● **Task instructions**:
Leave out the pictures and output the data verbatim.

● **Dataset extract**:
######

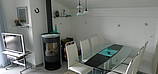 Ferienwohnung Ferienwohnung Flodana, Schweiz, Nidwalden, Vierwaldstättersee, Emmetten: Flodana, Essbereich mit Schwedenofen
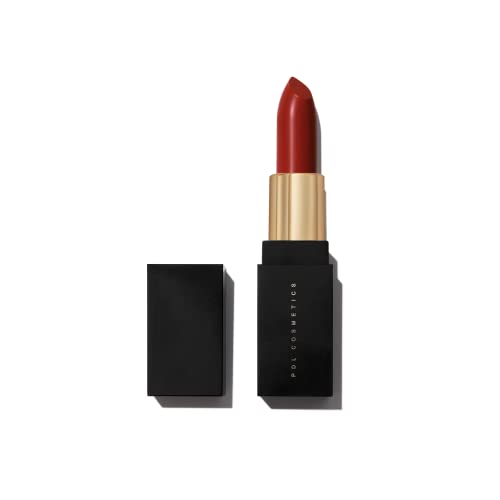 PDL Cosmetics by Patricia De León | High Powered Lipstick (Believe) | Intensely Colored Brick Red Matte Finish Lipstick | Long Lasting Hydrating Formula, Creamy Texture & Weightless Coverage | Vegan | Cruelty-Free | .14 oz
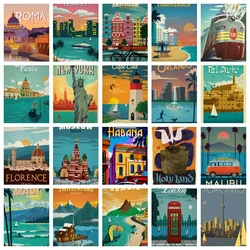AZQSD Diy Coloring Picture By Numbers City New York Unique Gift For Children Painting By Numbers Landscape Home Decoration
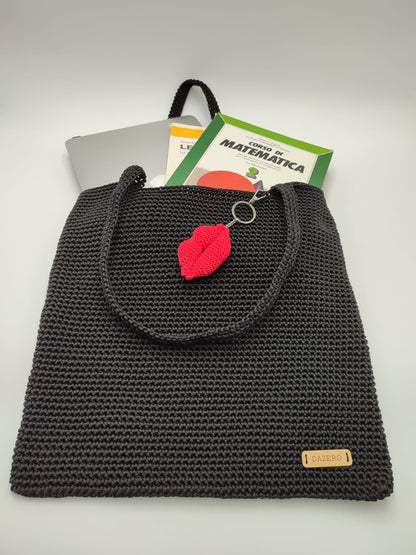 Borsa a sacca in crochet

######

● **Response**:
 Ferienwohnung Ferienwohnung Flodana, Schweiz, Nidwalden, Vierwaldstättersee, Emmetten: Flodana, Essbereich mit Schwedenofen
 PDL Cosmetics by Patricia De León | High Powered Lipstick (Believe) | Intensely Colored Brick Red Matte Finish Lipstick | Long Lasting Hydrating Formula, Creamy Texture & Weightless Coverage | Vegan | Cruelty-Free | .14 oz
AZQSD Diy Coloring Picture By Numbers City New York Unique Gift For Children Painting By Numbers Landscape Home Decoration
 Borsa a sacca in crochet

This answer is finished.